One important clarification: the Ultimate Sovereignty Clause does not replace existing guarantees, it extends them. A SecNumCloud-qualified or GDPR-compliant provider already offers solid sovereignty guarantees during the term of the contract. What these schemes do not cover is what happens after a change of control, and that is precisely the risk the Ultimate Sovereignty Clause addresses. It does not make Clever Cloud’s code open source and involves no general handover of production keys or secrets.

A logic of resilience, not portability

The distinction matters. Conventional reversibility is a logic of exit and migration: it sets the conditions under which a customer can leave a provider or move their service to another. The Ultimate Sovereignty Clause is a logic of continuity: it ensures the service can keep running within a controlled framework, even in a scenario of major disruption. It does not seek to prohibit an acquisition or to call into question the freedom of capital transactions: an acquirer can buy the company, but cannot use that acquisition to block or capture a sovereign dependency built around public services.

This approach is part of current debates on digital resilience, alongside requirements of security, compliance and availability. The Ultimate Sovereignty Clause raises a further question: can an organisation maintain its operational autonomy if its provider changes structurally?
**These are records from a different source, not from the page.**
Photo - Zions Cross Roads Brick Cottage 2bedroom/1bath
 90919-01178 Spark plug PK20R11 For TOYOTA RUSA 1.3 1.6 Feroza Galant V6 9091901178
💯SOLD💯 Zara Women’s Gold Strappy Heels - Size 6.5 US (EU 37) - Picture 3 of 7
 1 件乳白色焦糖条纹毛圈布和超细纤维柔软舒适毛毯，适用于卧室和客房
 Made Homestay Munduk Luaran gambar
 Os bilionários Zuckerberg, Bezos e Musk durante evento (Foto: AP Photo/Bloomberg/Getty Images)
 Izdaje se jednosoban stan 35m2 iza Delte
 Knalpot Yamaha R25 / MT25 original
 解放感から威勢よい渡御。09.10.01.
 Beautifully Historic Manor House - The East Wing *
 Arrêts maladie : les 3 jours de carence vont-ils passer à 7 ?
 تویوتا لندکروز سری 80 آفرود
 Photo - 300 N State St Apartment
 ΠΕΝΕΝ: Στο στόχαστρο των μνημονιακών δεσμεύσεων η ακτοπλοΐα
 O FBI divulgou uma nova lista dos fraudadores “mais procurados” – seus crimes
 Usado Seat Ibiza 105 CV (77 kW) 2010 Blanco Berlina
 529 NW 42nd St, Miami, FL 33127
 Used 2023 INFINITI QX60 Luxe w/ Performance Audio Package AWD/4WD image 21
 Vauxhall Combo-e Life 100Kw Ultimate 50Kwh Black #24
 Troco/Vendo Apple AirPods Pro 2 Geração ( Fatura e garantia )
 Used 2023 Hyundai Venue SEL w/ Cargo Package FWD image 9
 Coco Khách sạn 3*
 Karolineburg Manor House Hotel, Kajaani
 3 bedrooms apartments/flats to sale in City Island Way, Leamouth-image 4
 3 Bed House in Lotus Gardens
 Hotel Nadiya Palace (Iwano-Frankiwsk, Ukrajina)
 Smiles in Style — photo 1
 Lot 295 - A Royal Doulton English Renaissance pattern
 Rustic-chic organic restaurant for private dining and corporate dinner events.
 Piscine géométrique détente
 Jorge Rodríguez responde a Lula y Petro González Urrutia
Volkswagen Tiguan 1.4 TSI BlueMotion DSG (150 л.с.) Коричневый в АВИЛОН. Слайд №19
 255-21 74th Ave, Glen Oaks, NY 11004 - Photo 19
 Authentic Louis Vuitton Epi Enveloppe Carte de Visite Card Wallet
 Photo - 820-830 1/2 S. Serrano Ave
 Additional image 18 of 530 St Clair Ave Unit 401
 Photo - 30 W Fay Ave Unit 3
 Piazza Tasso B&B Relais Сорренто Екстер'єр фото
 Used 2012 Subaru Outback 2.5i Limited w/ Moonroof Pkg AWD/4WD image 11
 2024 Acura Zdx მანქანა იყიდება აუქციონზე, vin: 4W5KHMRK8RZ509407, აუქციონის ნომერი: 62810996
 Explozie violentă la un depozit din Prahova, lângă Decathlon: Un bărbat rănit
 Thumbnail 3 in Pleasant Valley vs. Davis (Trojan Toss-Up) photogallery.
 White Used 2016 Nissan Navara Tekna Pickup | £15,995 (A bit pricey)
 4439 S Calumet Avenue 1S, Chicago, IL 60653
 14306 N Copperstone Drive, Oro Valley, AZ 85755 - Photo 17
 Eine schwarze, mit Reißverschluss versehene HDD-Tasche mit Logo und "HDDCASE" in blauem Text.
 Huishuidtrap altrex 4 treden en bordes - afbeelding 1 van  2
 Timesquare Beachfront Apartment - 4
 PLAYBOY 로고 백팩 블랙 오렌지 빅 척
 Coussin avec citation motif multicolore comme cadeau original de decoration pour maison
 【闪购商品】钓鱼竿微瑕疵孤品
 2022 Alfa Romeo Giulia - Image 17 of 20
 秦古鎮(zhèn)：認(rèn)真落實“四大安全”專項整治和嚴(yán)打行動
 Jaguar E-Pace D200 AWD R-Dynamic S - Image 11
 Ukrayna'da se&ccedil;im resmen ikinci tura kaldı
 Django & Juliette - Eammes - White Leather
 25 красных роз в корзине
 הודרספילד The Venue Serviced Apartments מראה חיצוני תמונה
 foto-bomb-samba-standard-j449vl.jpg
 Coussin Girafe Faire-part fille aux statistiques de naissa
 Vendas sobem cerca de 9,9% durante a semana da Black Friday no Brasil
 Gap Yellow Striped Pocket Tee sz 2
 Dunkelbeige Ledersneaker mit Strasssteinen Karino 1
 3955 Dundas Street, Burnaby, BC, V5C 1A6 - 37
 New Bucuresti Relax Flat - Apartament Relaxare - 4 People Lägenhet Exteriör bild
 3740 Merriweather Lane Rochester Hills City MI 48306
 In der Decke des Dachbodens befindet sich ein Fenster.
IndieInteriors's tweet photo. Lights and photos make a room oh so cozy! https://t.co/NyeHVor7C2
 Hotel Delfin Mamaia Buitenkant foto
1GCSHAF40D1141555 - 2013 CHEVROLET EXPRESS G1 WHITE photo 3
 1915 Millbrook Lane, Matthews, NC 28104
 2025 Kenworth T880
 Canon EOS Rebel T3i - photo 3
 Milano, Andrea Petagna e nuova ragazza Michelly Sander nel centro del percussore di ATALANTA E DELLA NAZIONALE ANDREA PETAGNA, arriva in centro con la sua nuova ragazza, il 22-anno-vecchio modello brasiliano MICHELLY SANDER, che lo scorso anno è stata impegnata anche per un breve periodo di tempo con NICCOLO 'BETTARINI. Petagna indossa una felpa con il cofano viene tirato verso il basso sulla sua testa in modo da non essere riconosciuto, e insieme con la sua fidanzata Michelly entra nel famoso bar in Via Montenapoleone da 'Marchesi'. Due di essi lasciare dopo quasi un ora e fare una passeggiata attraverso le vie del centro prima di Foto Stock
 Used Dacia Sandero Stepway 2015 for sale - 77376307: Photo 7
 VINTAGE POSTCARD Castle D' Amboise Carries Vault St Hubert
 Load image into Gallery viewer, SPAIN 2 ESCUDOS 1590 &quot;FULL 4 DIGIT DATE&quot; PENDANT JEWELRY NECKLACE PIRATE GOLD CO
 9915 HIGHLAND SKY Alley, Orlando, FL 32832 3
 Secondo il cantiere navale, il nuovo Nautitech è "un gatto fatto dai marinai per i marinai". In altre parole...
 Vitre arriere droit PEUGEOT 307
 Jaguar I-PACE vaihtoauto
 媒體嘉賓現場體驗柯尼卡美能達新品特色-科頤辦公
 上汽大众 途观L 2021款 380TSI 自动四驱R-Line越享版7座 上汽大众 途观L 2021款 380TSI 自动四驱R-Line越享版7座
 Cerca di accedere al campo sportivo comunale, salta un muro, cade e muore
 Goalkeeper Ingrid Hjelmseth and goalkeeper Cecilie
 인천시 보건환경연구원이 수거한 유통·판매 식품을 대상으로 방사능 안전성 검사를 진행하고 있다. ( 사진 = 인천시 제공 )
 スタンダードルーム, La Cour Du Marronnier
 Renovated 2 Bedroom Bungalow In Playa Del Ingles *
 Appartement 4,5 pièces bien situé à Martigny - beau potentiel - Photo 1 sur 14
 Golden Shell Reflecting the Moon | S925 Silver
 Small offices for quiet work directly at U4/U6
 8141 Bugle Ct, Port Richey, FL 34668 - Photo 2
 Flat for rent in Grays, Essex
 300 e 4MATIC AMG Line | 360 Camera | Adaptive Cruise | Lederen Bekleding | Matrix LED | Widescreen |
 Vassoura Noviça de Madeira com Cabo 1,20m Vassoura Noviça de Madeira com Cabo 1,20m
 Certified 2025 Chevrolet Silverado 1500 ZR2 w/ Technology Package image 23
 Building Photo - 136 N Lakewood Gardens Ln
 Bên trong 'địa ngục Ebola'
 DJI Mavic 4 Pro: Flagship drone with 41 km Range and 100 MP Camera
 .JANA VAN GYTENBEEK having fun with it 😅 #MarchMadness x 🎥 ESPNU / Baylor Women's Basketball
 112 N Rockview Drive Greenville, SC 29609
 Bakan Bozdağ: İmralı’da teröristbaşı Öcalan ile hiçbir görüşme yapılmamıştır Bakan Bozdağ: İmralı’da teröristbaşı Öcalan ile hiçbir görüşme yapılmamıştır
A mechanism designed to become a standard

Clever Cloud designed this mechanism for its own contractual commitments. But the ambition goes further.

The Ultimate Sovereignty Clause is designed to be replicable by any European provider that wants to ground its customer relationships in lasting trust. It is meant to fit into existing digital-resilience frameworks, supplier-dependency assessment criteria, and the sovereignty doctrines advanced by institutional bodies in each sector.

A company that accepts this kind of commitment sends a clear signal: its value does not rest on the prospect of a future sale to a foreign player, but on a long-term model built on service continuity and trust.

Digital sovereignty is not measured only by where the data sits today. It is also measured by the ability to ensure that critical infrastructure remains controllable, whatever the ownership future of those who operate it.